> Instructions to follow: So that the copy stays text only, transcribe the data below exactly and exclude the images.

> Dataset records:
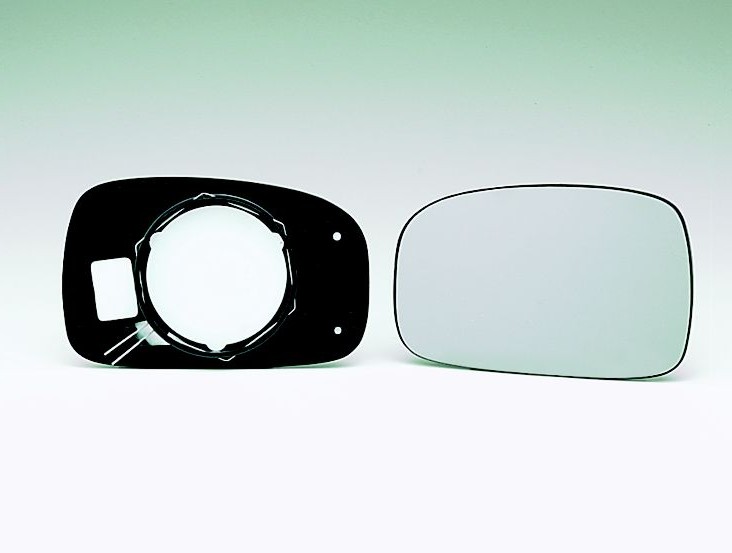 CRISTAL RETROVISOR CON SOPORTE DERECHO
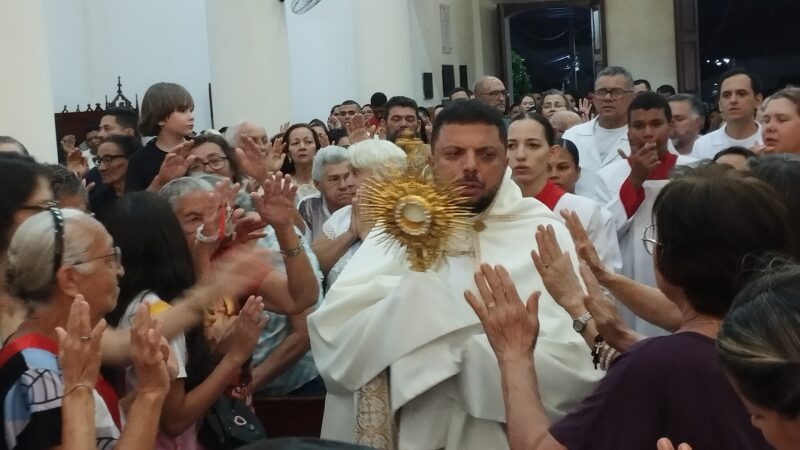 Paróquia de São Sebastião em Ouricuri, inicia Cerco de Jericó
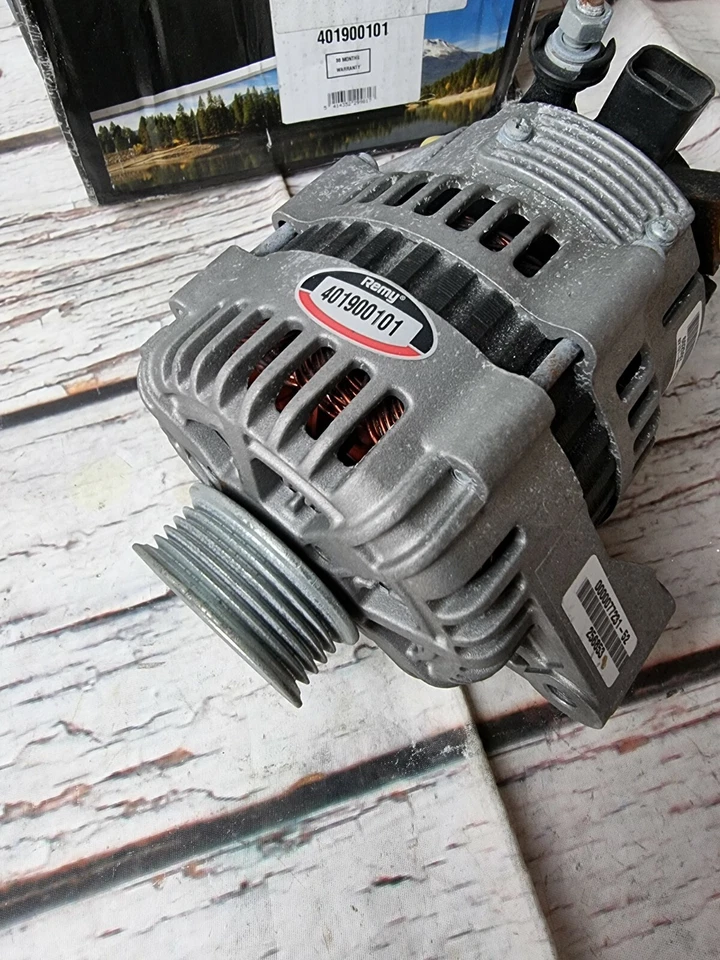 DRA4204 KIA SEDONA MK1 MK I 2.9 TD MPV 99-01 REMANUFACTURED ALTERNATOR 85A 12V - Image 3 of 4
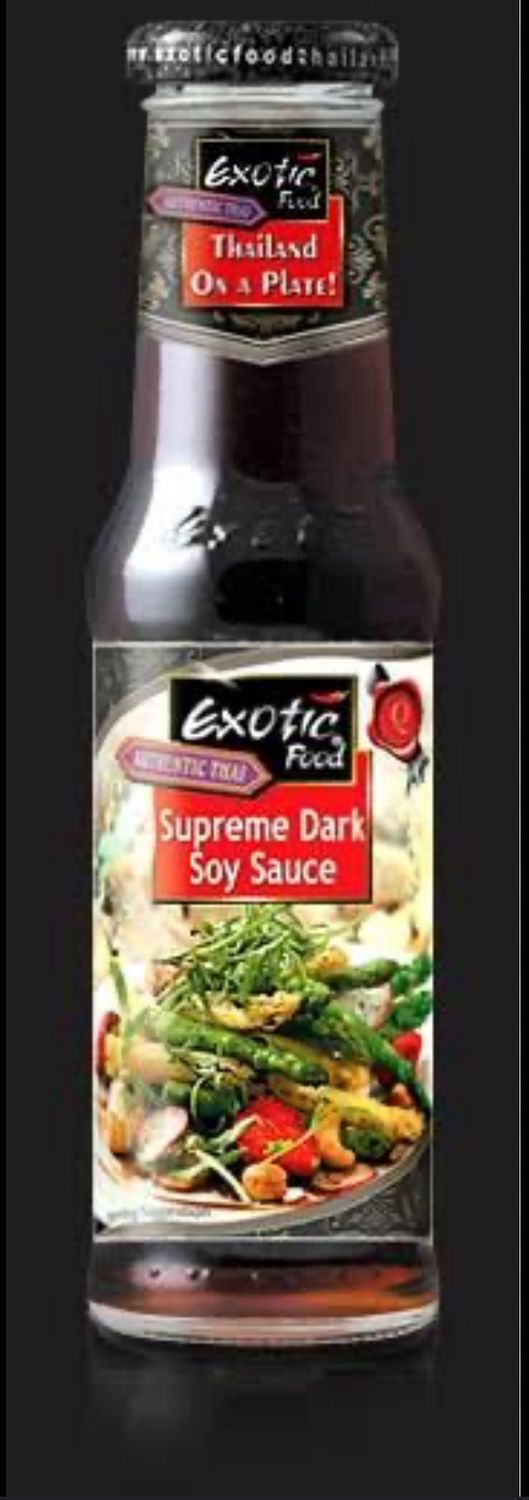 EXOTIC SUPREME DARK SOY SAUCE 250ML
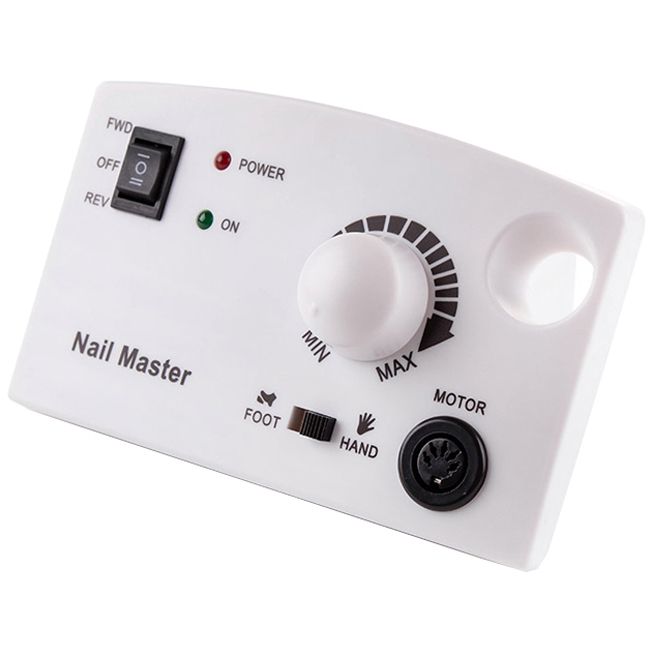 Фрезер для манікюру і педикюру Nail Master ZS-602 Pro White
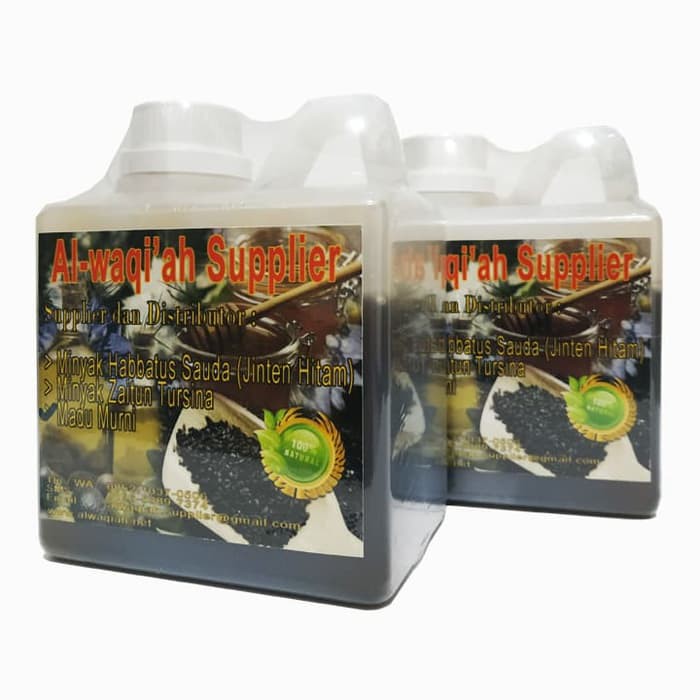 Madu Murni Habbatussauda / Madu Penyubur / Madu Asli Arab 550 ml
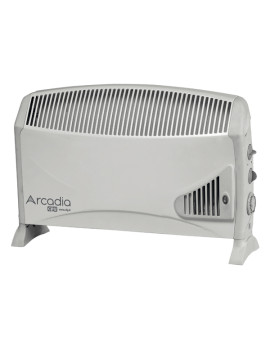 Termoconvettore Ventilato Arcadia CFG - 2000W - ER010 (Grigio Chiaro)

> Exercise result:
 CRISTAL RETROVISOR CON SOPORTE DERECHO
 Paróquia de São Sebastião em Ouricuri, inicia Cerco de Jericó
 DRA4204 KIA SEDONA MK1 MK I 2.9 TD MPV 99-01 REMANUFACTURED ALTERNATOR 85A 12V - Image 3 of 4
 EXOTIC SUPREME DARK SOY SAUCE 250ML
 Фрезер для манікюру і педикюру Nail Master ZS-602 Pro White
 Madu Murni Habbatussauda / Madu Penyubur / Madu Asli Arab 550 ml
 Termoconvettore Ventilato Arcadia CFG - 2000W - ER010 (Grigio Chiaro)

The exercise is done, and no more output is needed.